The researchers leveraged these data to build an AI model, then trained it using real data from patients who had their intracranial pressure measured through invasive means — such as a lumbar catheter or a pressure-sensitive probe inserted through the skull. Finally, they validated the model with clinical data3.
“We have the largest study to date on predicting intracranial hypertension with AI, and the first to provide external validation for an algorithm,” Gulamali says. He hopes that doctors in the ICU could one day use this AI tool to monitor intracranial pressure without having to measure it directly.
And as intracranial hypertension is linked to problems such as glaucoma, and acute liver failure, an AI measure of intracranial pressure could also be useful beyond the ICU.
Medical management
Other research at Mount Sinai shows how hospitals can use AI tools to optimize patient care.
“The human brain does not have the capacity to absorb the sheer volume and different types of data that we generate from our patients right now,” says Eric Nestler, a psychiatrist, director of The Friedman Brain Institute, and dean for academic affairs at the Icahn School of Medicine at Mount Sinai.
Artificial intelligence can recognize patterns within these data that might elude physicians, he says. As an example, Nestler points to all the information that hospital systems collect from blood tests and other medical exams performed on newborns. This can help AI tools predict which infants born with acute problems might have worse outcomes, he says. That can help doctors devote more resources to their care.
Nestler also highlights the growing interest in AI tools to support mental health and emotional well-being. Since patients with mental health issues often experience relapses, continuous monitoring is critical, he says.

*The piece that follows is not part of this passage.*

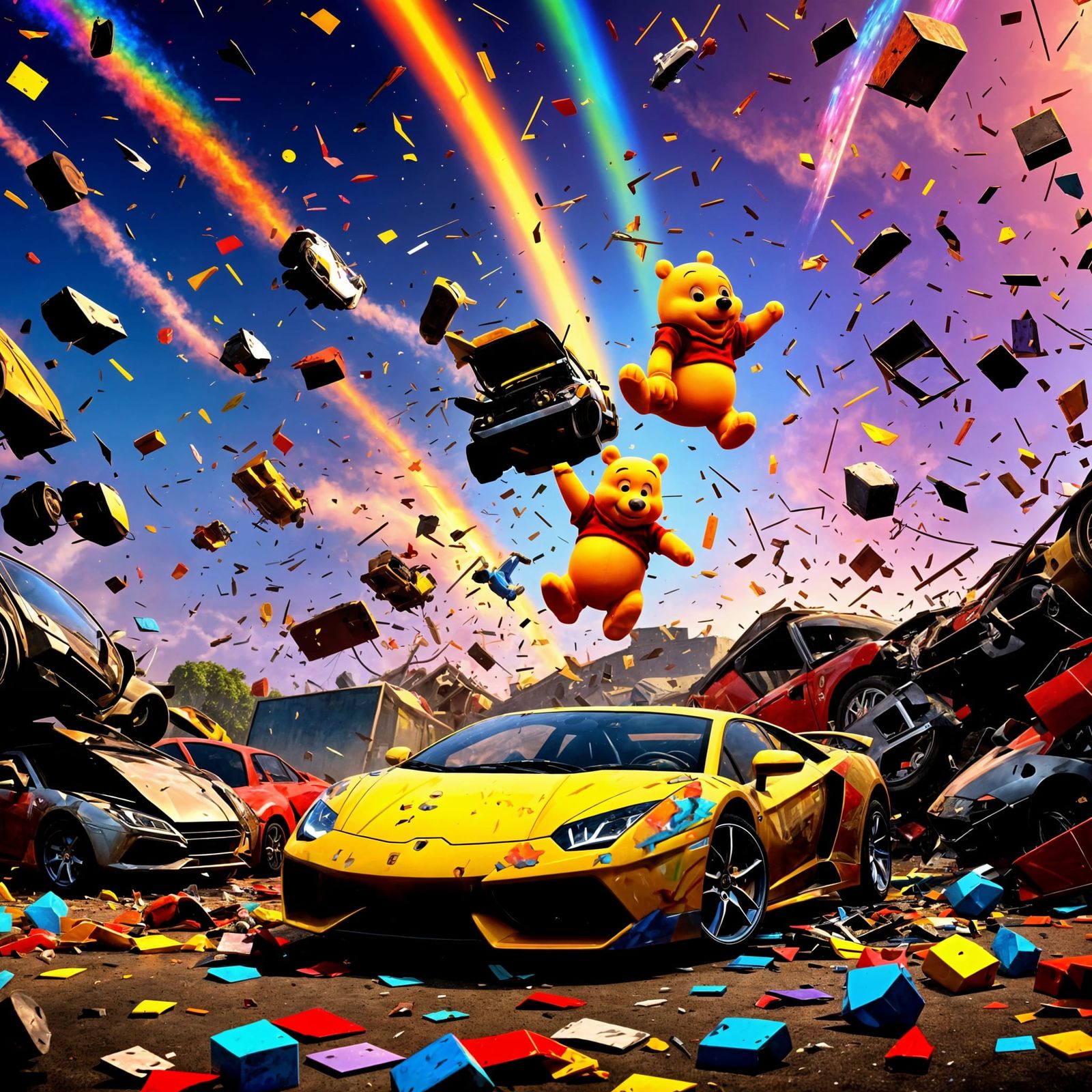 Winnie the Pooh Car Crash: Pixar-Style 3D Rendering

Using AI to monitor how a person uses their smartphone can provide clues to their state of mind. “Analysing the tone, volume and cadence of speech and comparing it to their baseline patterns could help detect a patient who is beginning to deteriorate,” he says. Alerts from such automated surveillance tools could prompt caregivers to check on them. Nestler expects AI tools of this kind to assist mental health practitioners in the near future.
Protecting privacy
Harnessing patient data through machine learning demands advanced computing infrastructure, says Patricia Kovatch, dean of scientific computing and data at Icahn Mount Sinai. Mount Sinai has made significant investments to create that infrastructure, she says. It is also essential to protect the privacy of medical data on which AI models are trained, she says — and that has been integral to the health system’s efforts to embrace AI. “We’ve de-identified a lot of the data, to enhance accessibility for everybody,” she says. “We have a million pathology slides here – de-identified, so people can use them, and we have de-identified copies of the structured fields of the medical records.”
Nestler says enormous progress can be made. “We are at the very beginning of mining all the potential advances,” he says.
He envisages a future when doctors will use AI to sift DNA sequences and medical records to find patterns invisible to the human eye and brain. “Putting all that together will yield richer insights into the conditions a patient might present with,” Nestler says. “And that would lead to better precision care.”